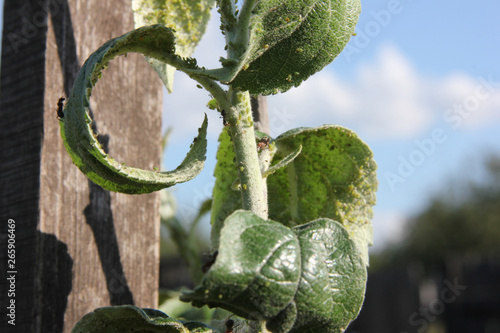 Aphids are sucking juice of the apple-tree and ants is pasturing them photo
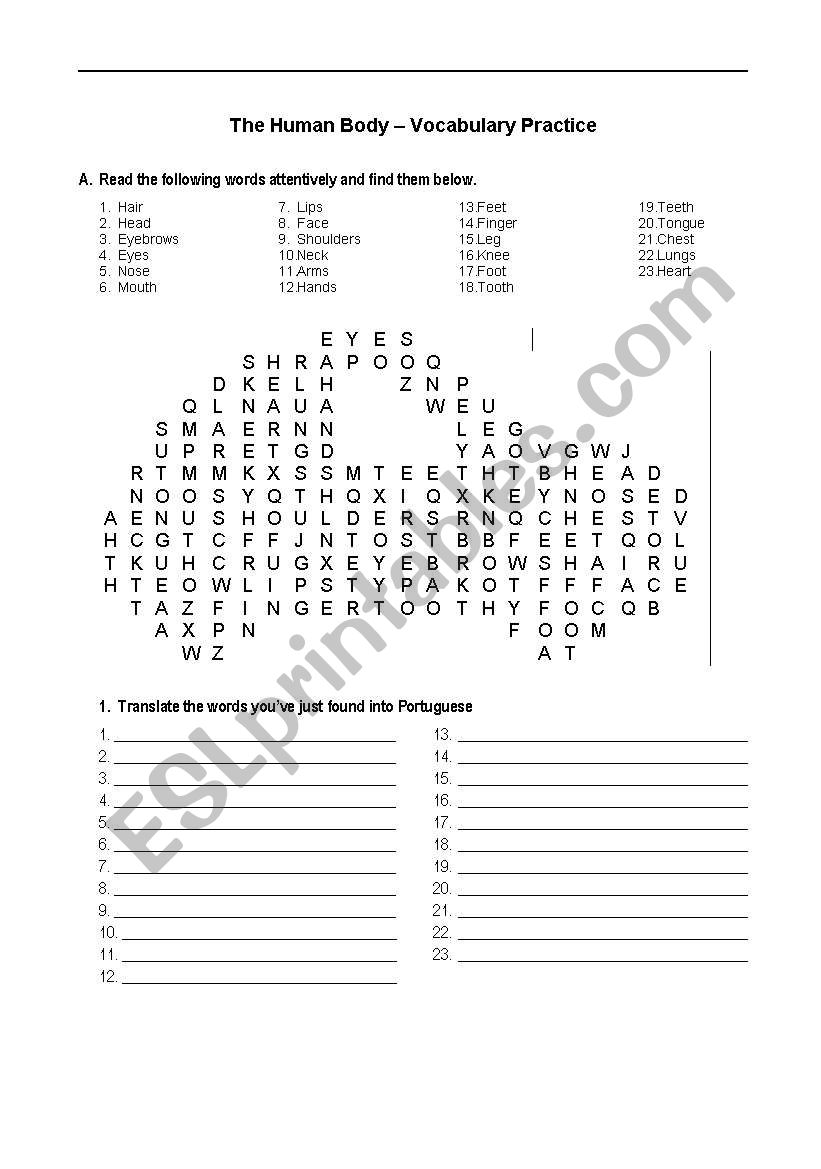 Human Body wordsearch worksheet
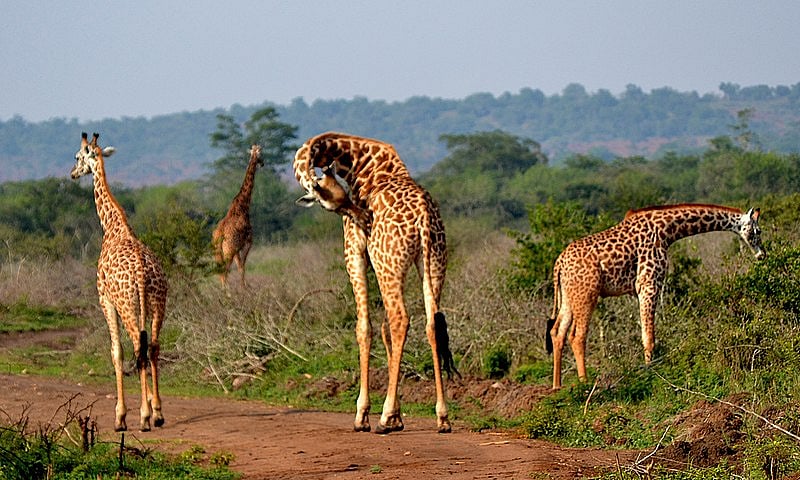 Akagera is home to Central Africas largest protected wetland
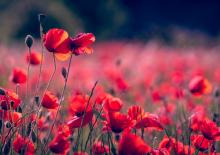 Sheila Kitzinger. Jak jej przełomowe idee zmieniły podejście do porodu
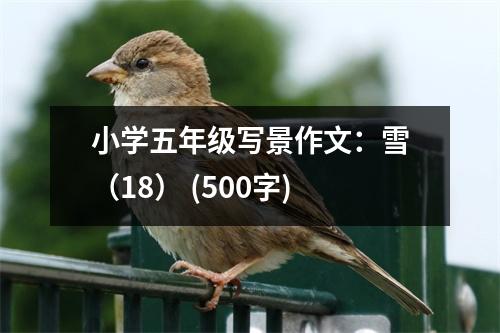 小學(xué)五年級寫景作文：雪（18） (500字)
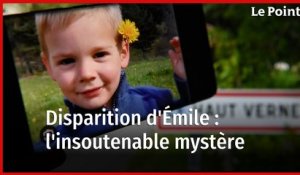 Disparition d'Émile : retour sur l'affaire qui a ému la France entière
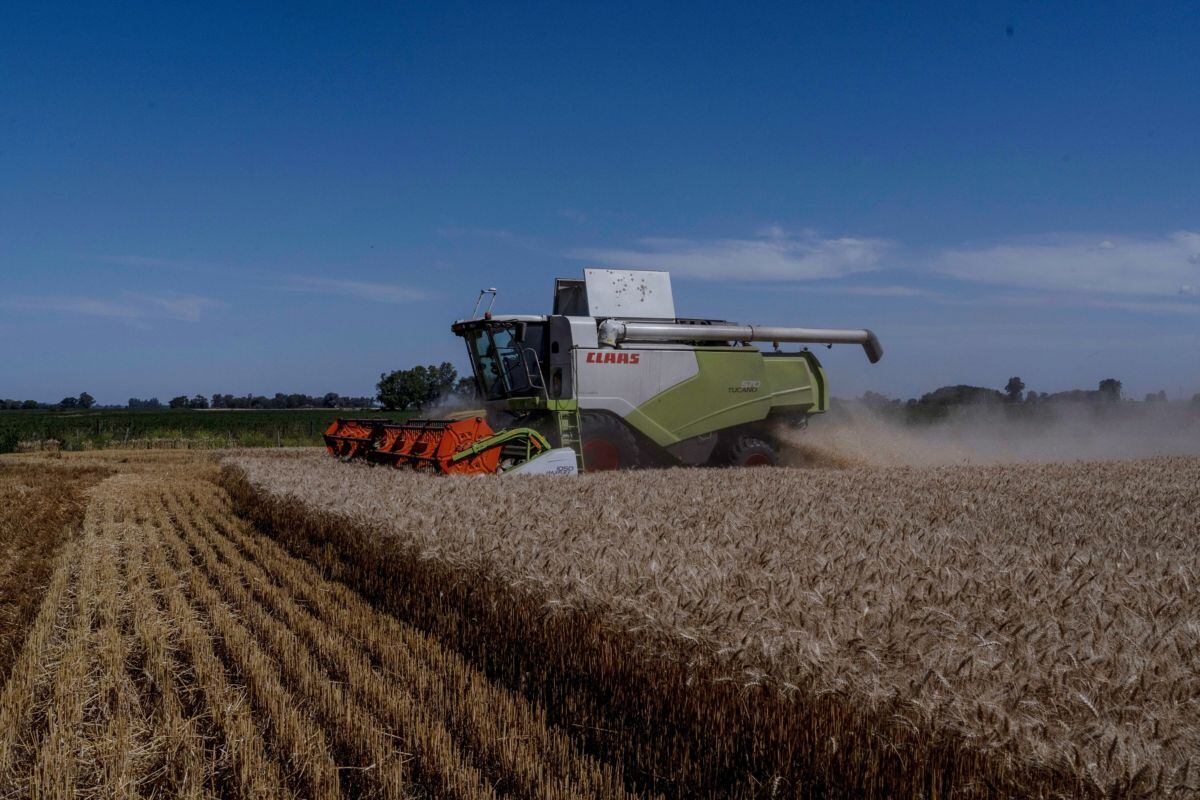 Maquinaria corta trigo durante una cosecha en Bragado, Argentina, el jueves 2 de diciembre de 2021.
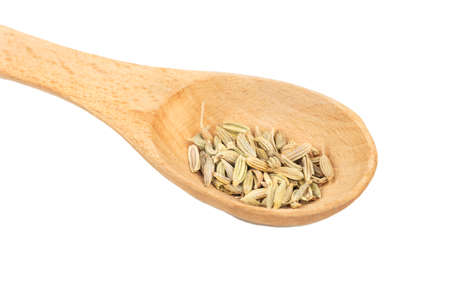 Small wooden spoon with dry fennel closeup isolated on white backgroundの写真素材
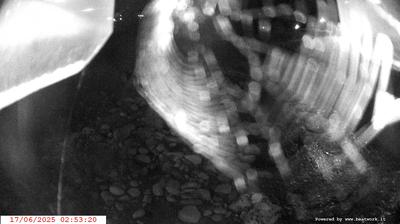 immagine della webcam nei dintorni di Molveno: webcam Spiazzo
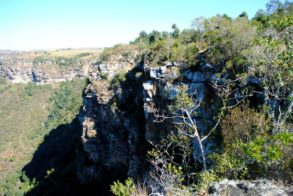 562729_439602809405960_1585812554_n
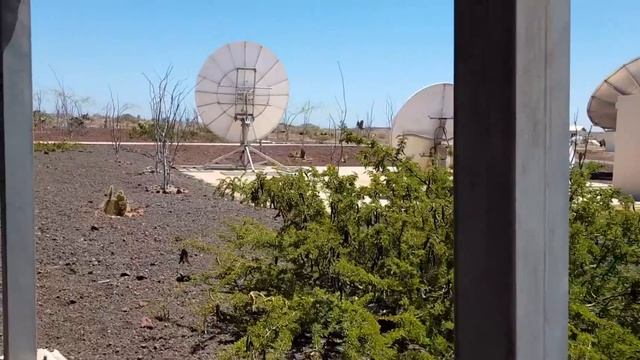 Галапагосские острова. Прилетели сюда и что мы видим??? смотреть онлайн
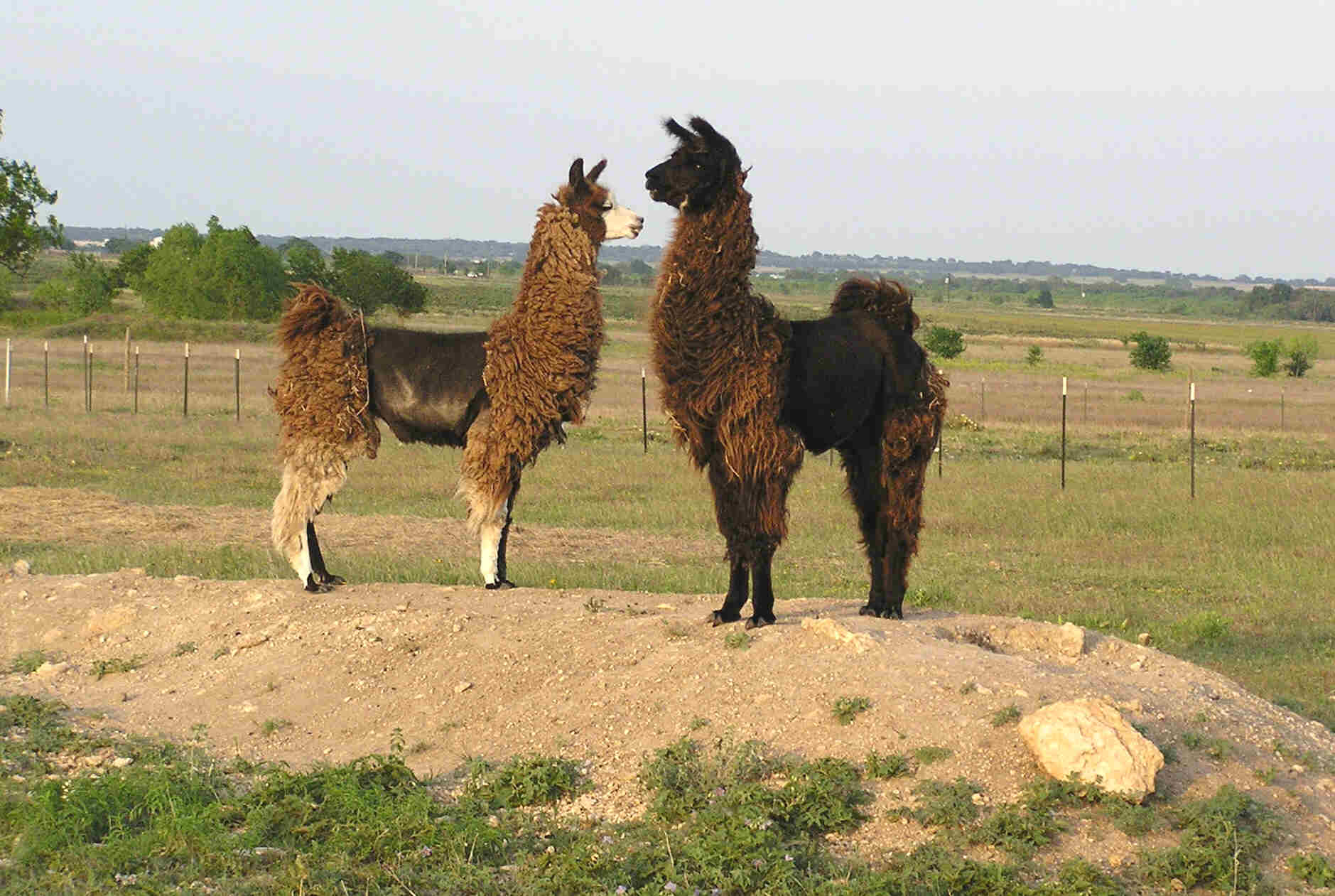 Fuzzy & Chance playing 'King of the Mountain'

§ **What to produce**: Transcribe, please, the lines from the one holding "Disparition d'Émile : retour" to the final line of the material, both included, exactly and with no extra lines, and skip the pictures.

§ **Output of the task**:
 Disparition d'Émile : retour sur l'affaire qui a ému la France entière
 Maquinaria corta trigo durante una cosecha en Bragado, Argentina, el jueves 2 de diciembre de 2021.
 Small wooden spoon with dry fennel closeup isolated on white backgroundの写真素材
 immagine della webcam nei dintorni di Molveno: webcam Spiazzo
 562729_439602809405960_1585812554_n
 Галапагосские острова. Прилетели сюда и что мы видим??? смотреть онлайн
 Fuzzy & Chance playing 'King of the Mountain'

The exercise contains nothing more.